----- DATA SEGMENT -----
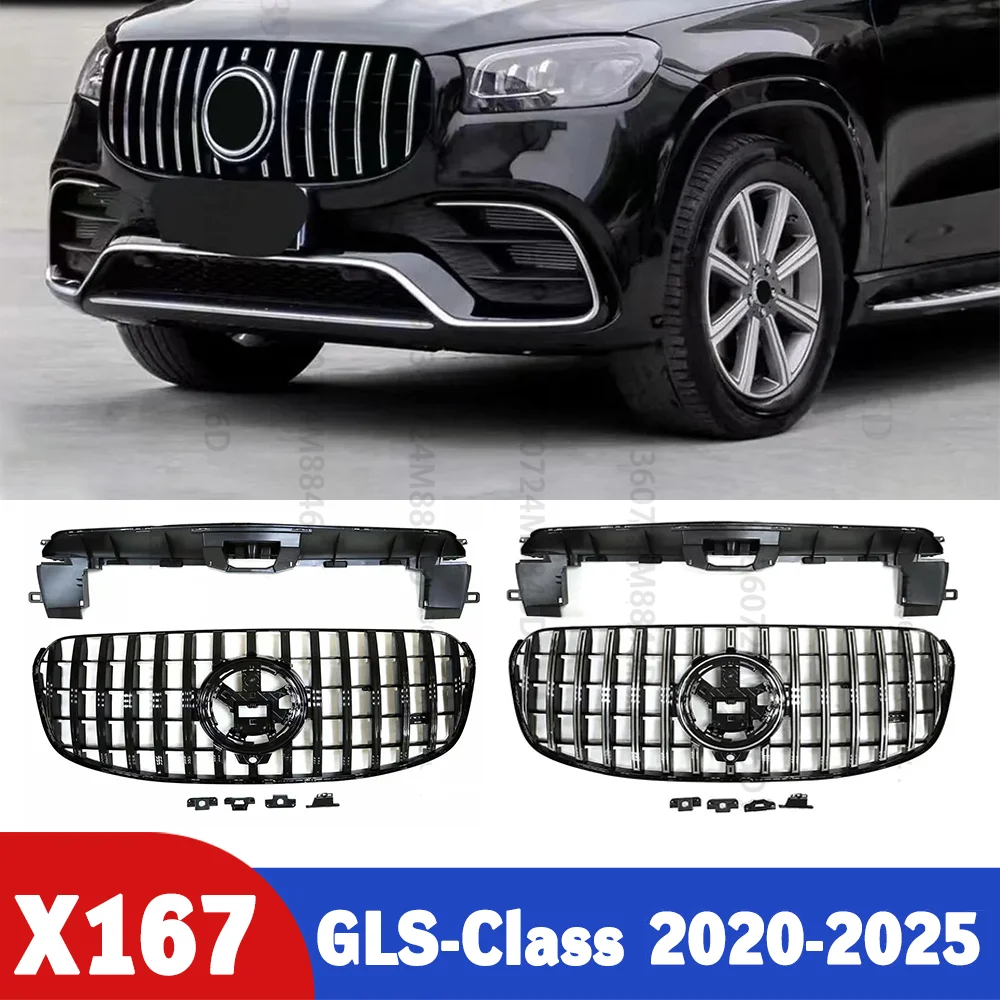 

AMG Style Front Hood Grille For Benz GLS Class X167 2024 2025,Compatible with GLS400 GLS450 GLS580 Models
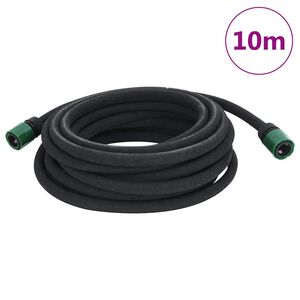 vidaXL Tuyau d'arrosage de jardin noir 0,6" 10 m caoutchouc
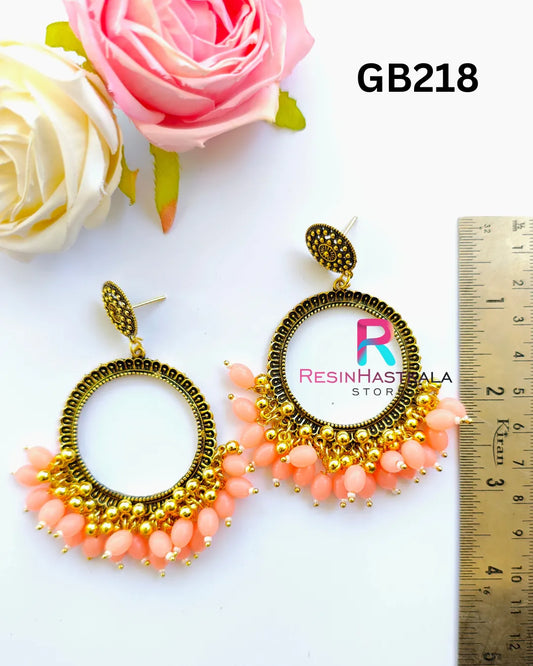 Gold Round Earring Bezel / Jumkha With Beads (GB218)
-----
From start to finish, output the listing exactly, but omit its pictures.

COMPLETED EXERCISE
AMG Style Front Hood Grille For Benz GLS Class X167 2024 2025,Compatible with GLS400 GLS450 GLS580 Models
 vidaXL Tuyau d'arrosage de jardin noir 0,6" 10 m caoutchouc
 Gold Round Earring Bezel / Jumkha With Beads (GB218)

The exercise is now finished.